The Central Board of Direct Taxes (CBDT) in India has released the Finance Act 2024, passed on 15 February 2024, to execute the provisions of the Union Budget for 2024-2025. The finance Act includes the following key tax measures:
- The criteria for qualifying as a startup eligible for a 100% profits and gains deduction under Section 80-IAC has been modified to encompass startups incorporated up to 31 March 2025.
- Extending the tax deduction under Section 80LA for IFSC units, where income is generated from the transfer of assets like aircraft or ships, and which begin operations before 31 March 2025.
- The exemption provided under Section 10(4F) will persist for non-residents receiving royalty or interest due to leasing an aircraft or ship, facilitated by a unit in an IFSC, provided the unit starts operations on or before 31 March 2025.
- Withdrawal of disputed income tax demands, amounting to INR 25,000 for fiscal year 2009-10 and INR 10,000 for fiscal years 2010-11 to 2014-15.

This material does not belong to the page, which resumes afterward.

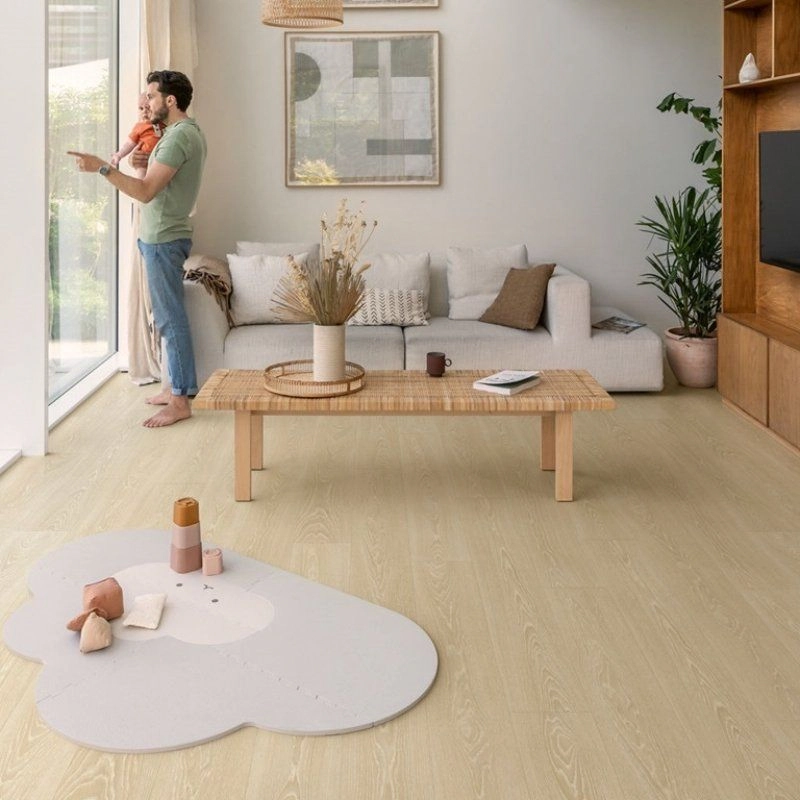 Piso Laminado Quick Step Smart Carvalho Congelado Bege Qssm5799 Cx 2,51m²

- The sunset clause for the concessional tax rate of 15% for manufacturers under 115BAB remains unchanged.
- Continuation of the exemption provided under Section 10(4D) for income arising from the transfer of capital assets on a recognized stock exchange within an International Financial Services Centre (IFSC), contingent upon the commencement of operations by the investment division of an offshore banking unit before 31 March 2025.
- The exemption under Section 10(23FE) for income derived by Sovereign Wealth Funds and other specified funds, including dividends, interest, and long-term capital gains from investments in India, will persist provided the investment is made on or before 31 March 2025.